Dalam kaitannya dengan masalah jaminan kepastian hukum, pelaksanaan hak asasi manusia, dan perlindungan hukum ini, maka perlu kiranya kita perhatikan dan telaah suatu kewenangan yang dipunyai oleh Kejaksaan yang pada saat era orde baru maupun sampai sekarang ini yang sempat menjadi bahan perbincangan dikalangan masyarakat dan menjadi perhatian di media massa, yaitu mengenai pencegahan dan penangkalan yang sering disingkat dengan pencekalan. Pencegahan dan penangkalan disini adalah suatu tindakan berupa pelarangan terhadap orang-orang tertentu untuk masuk ataupun keluar wilayah Indonesia, hal yang demikian ini merupakan suatu pembatasan terhadap kebebasan bergerak seseorang.

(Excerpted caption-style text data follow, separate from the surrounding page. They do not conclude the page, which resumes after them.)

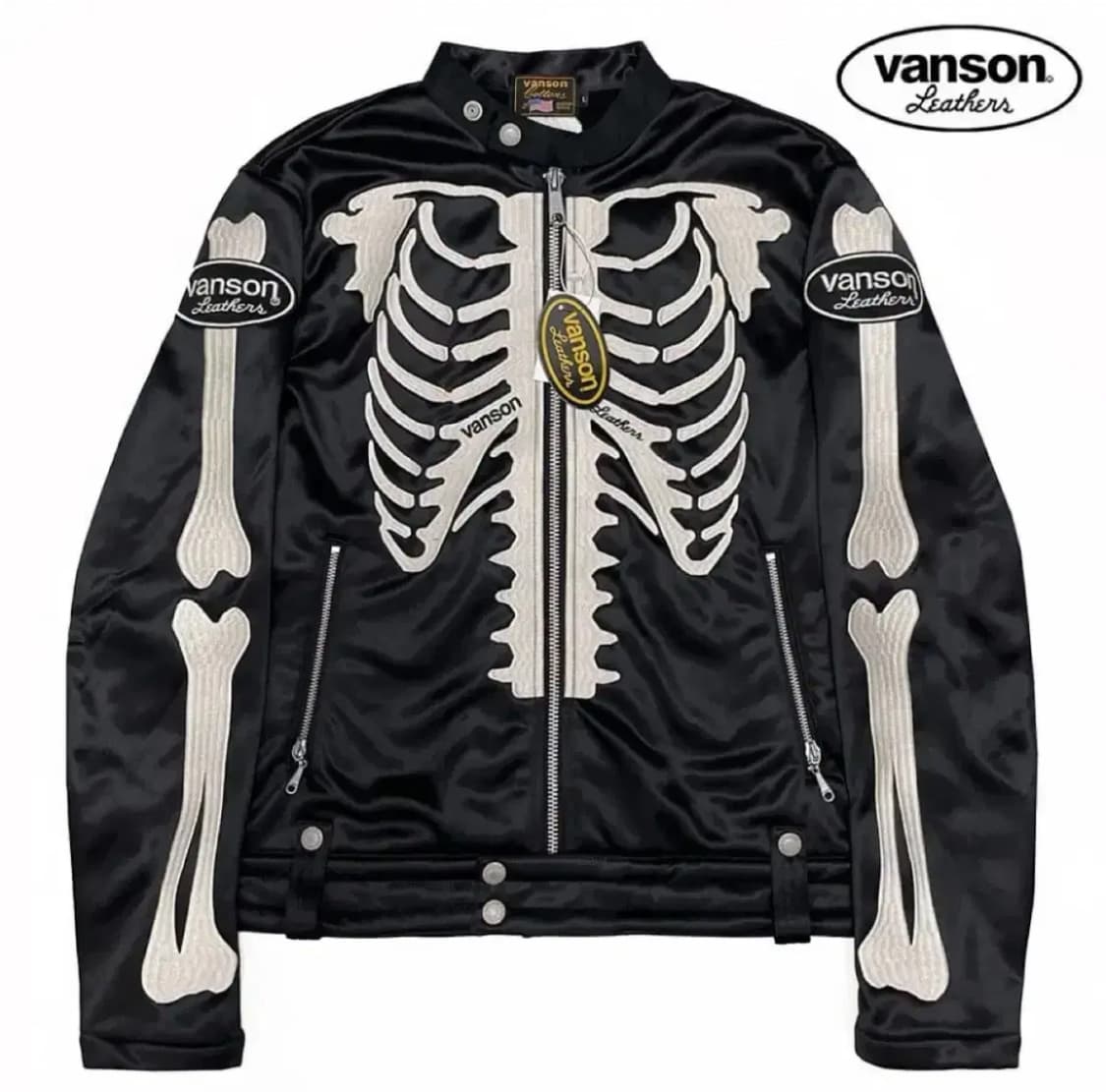 벤슨 레더 본 라이더 자켓 상품이미지1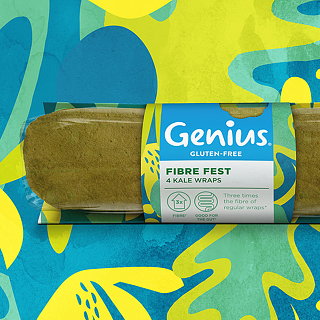 B&B Studio Delivers Identity for New Genius 'Good for the Gut' Range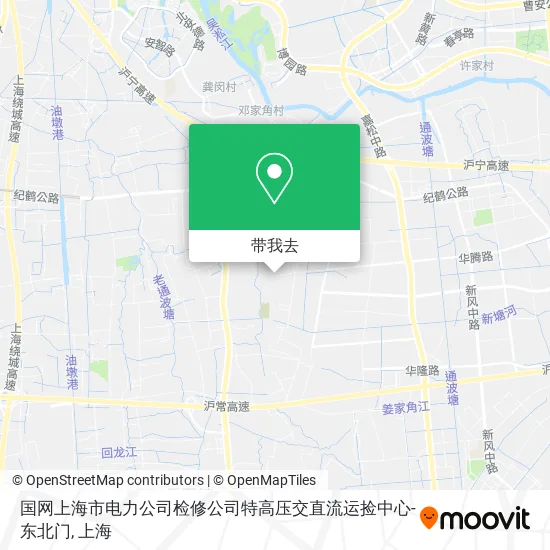 国网上海市电力公司检修公司特高压交直流运捡中心-东北门地图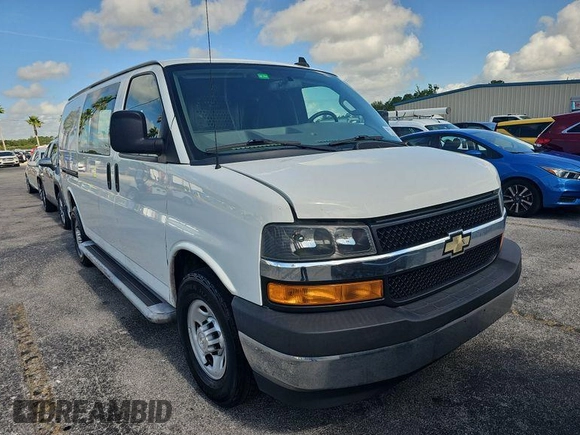 2019 Chevrolet Express Cargo with VIN 1GCWGAFGXK1311576, listed as a IAAI auction lot 42849741 with 157,295 mi miles and . Bid and sale history available at DreamBid. Image 5.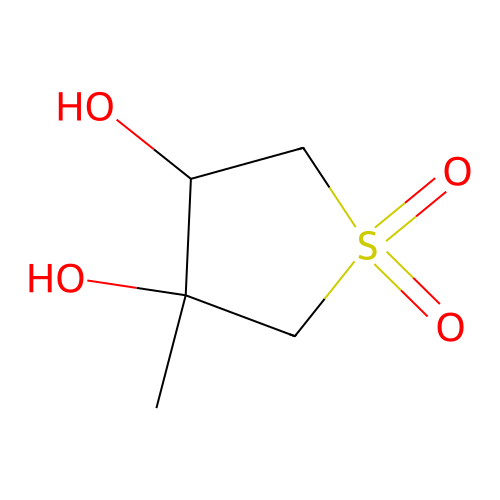 3-Methyltetrahydrothiophene-3,4-diol 1,1-dioxide structure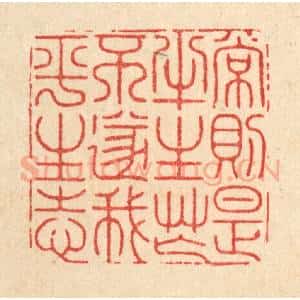 清代 沈皋篆 印谱《常则是半生忙 不遂我平生志》篆刻印章作品图片欣赏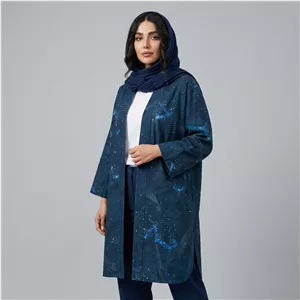 مانتو ‌زنانه جلو‌باز مدل ستاره 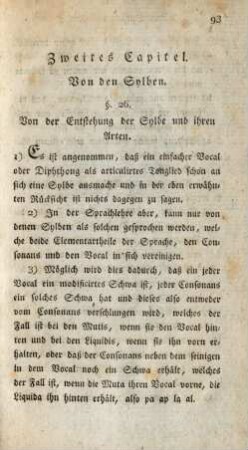 Zweites Capitel. Von den Sylben
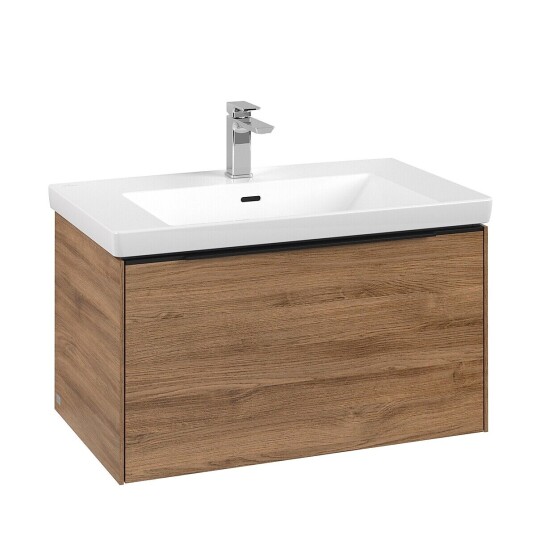 Villeroy & Boch  Subway 3.0 Servantskap m/1 skuff 772x429x478 mm Kansas Eik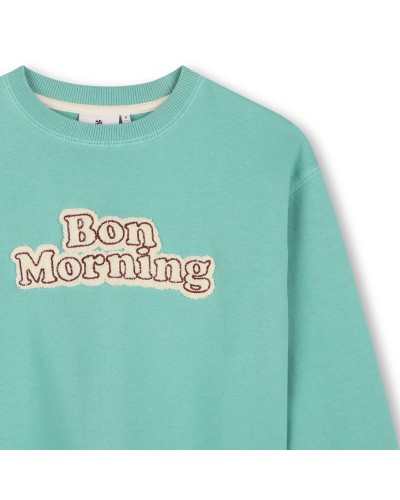 Sweat garçon Kids Around Light Green
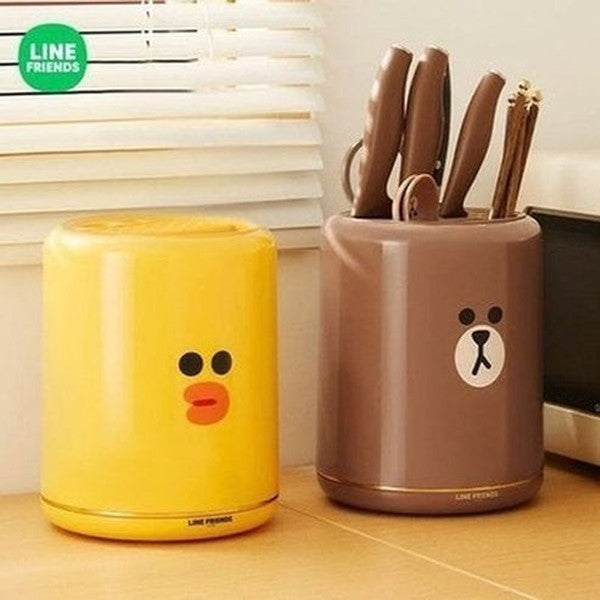 LINE FRIENDS Knife Block Knife Blocks & Holders LINE FRIENDS Kawaii Cartoon Brown Sally Knife Block - Dondepiso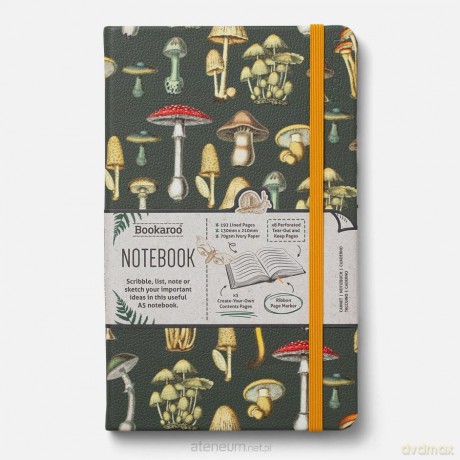 Bookaroo Notatnik Journal A5 - Grzyby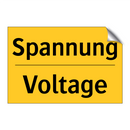 Spannung - Voltage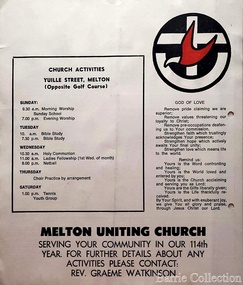 Document, Melton Uniting Church Activities, Unknown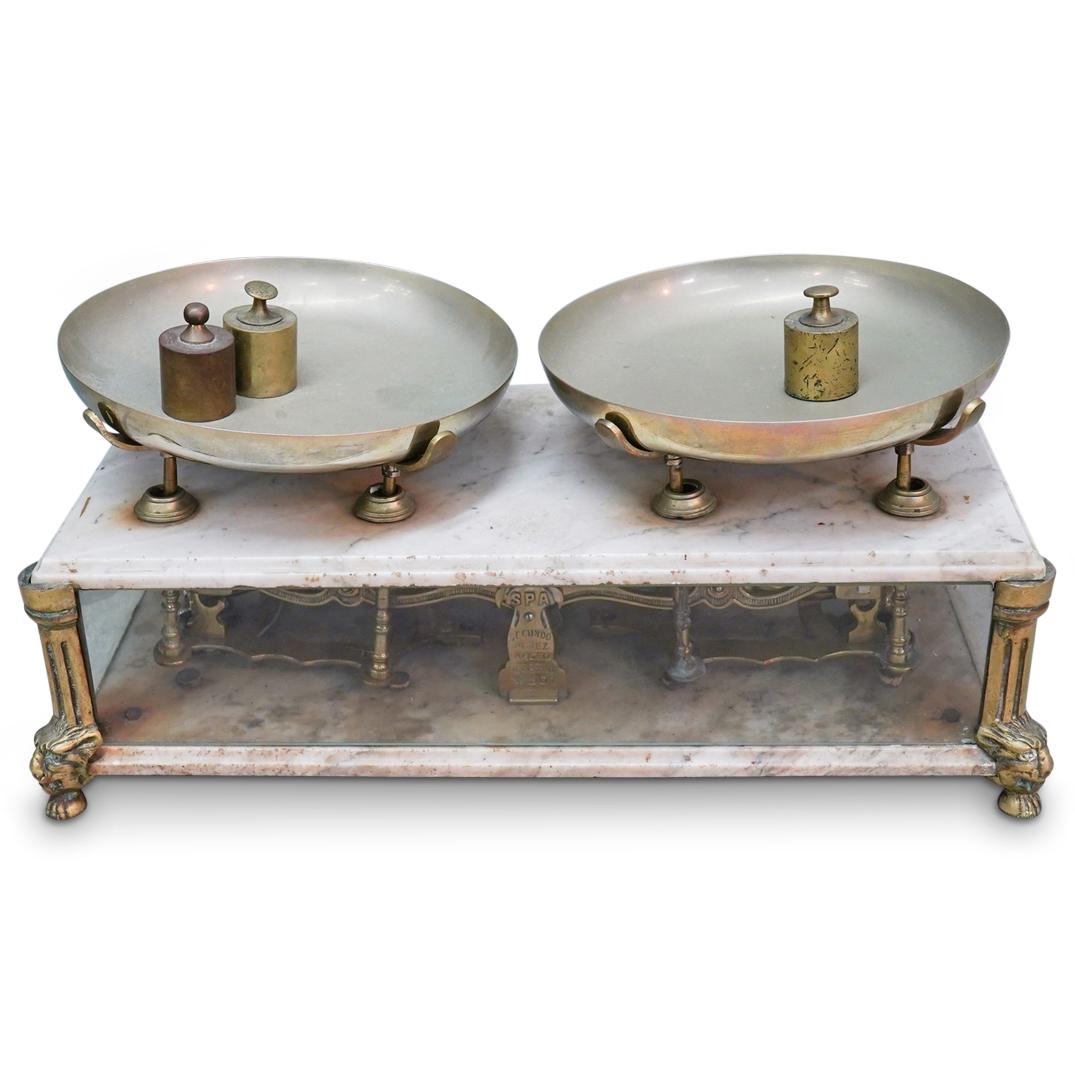 Antique Marble & Glass Merchants Scale (1 of 6)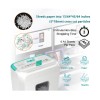 Bonsaii 6-Sheet Cross Cut Paper Shredder High Security Credit Card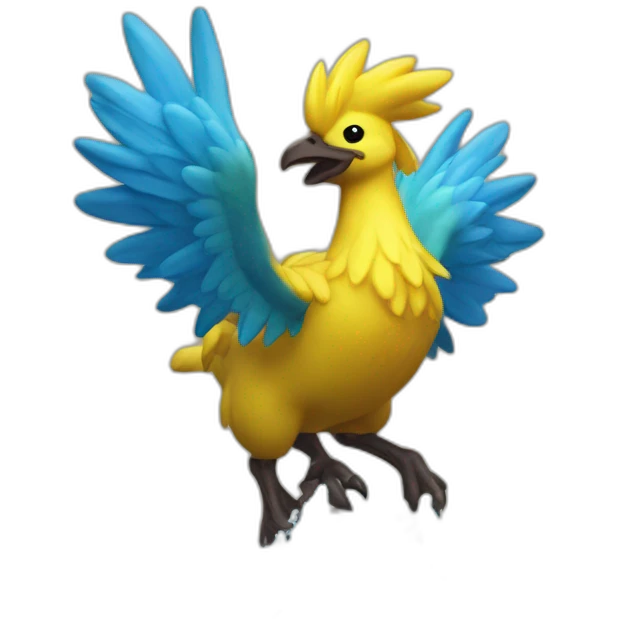 Chocobo wave emoji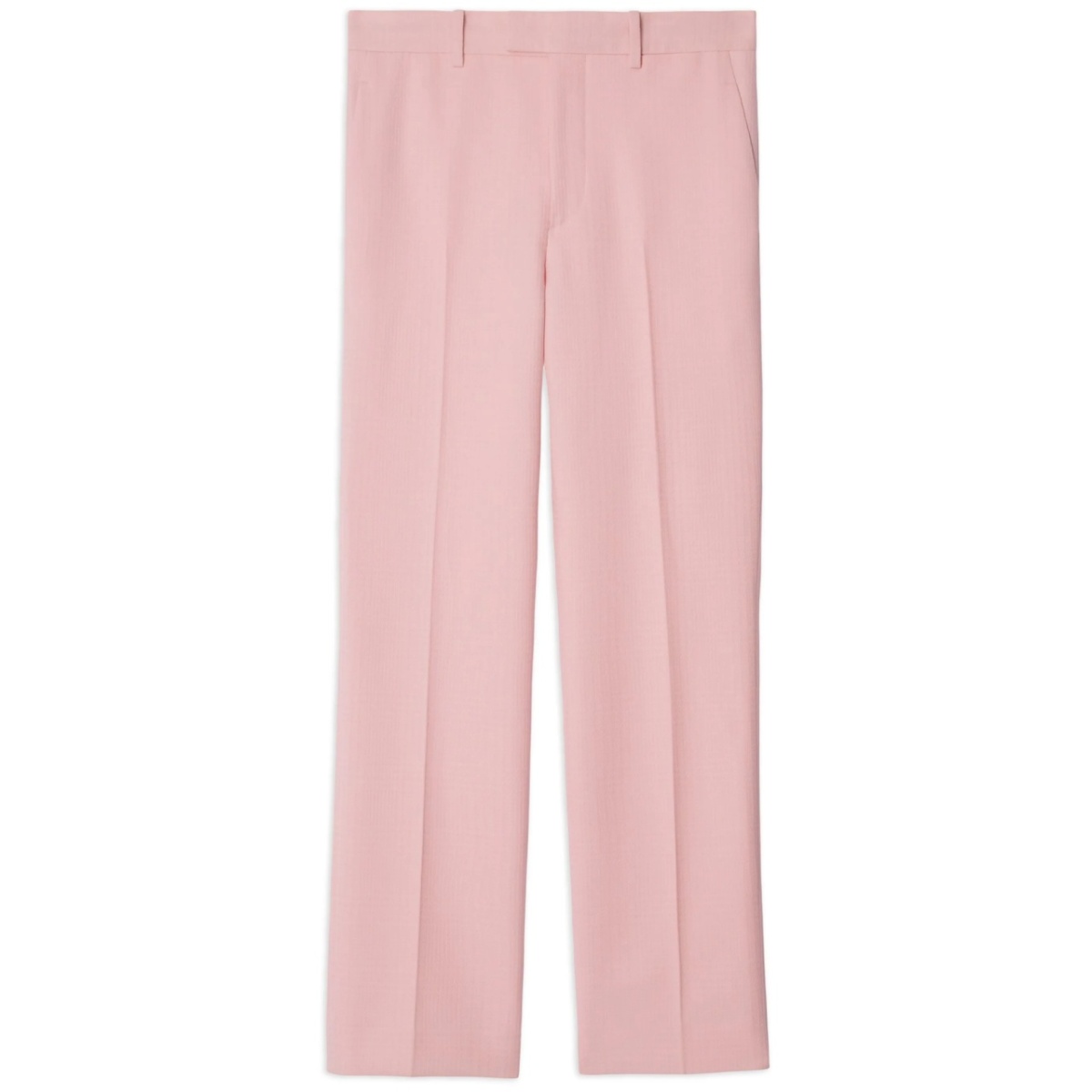 pressed-crease wool tailored trousers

Proses mencegah atau menangkal orang pun tidak bisa sembarangan. Instansi yang boleh meminta pencegahan dan penangkalan pun dibatasi. Permintaan pencegahan terhadap seseorang hanya bisa datang dari empat instansi, yakni Menteri Hukum dan Hak Asasi Manusia, Menteri Keuangan, Jaksa Agung dan Panglima TNI. Yang menjadi menarik disini ialah, masih terasa diingatan penulis para tersangka tindak pidana korupsi yang menurut Kejaksaan sudah dilakukan pencekalan untuk tidak bisa melarikan diri tetapi ternyata mereka kabur dengan mudah melalui jalur yang resmi ataupun jalur yang tidak resmi. Penelitian ini membahas permasalahan penerapan tindakan pencegahan dan penangkalan oleh Kejaksaan terhadap tersangka tindak pidana. Tindakan tersebut apakah bertentangan dengan hak asasi manusia. Upaya apa yang dilakukan oleh Kejaksaan terhadap tersangka tindak pidana yang sudah dikenakan pencekalan kemudian melarikan diri ke luar negeri. Berdasarkan hasil penelitian maka tindakan pencekalan merupakan bagian dari pelaksanaan wewenang penyelidik, penyidik dan penuntut umum serta tindakan tersebut tidak perlu mendapat putusan pengadilan yang telah mempunyai kekuatan hukum tetap. Tindakan pencekalan tidak bertentangan dengan hak asasi manusia, sebab ada dasar hukumnya. Upaya yang dilakukan oleh Kejaksaan adalah mengajukan permohonan ekstradisi melalui jalur diplomatik Jaksa Agung.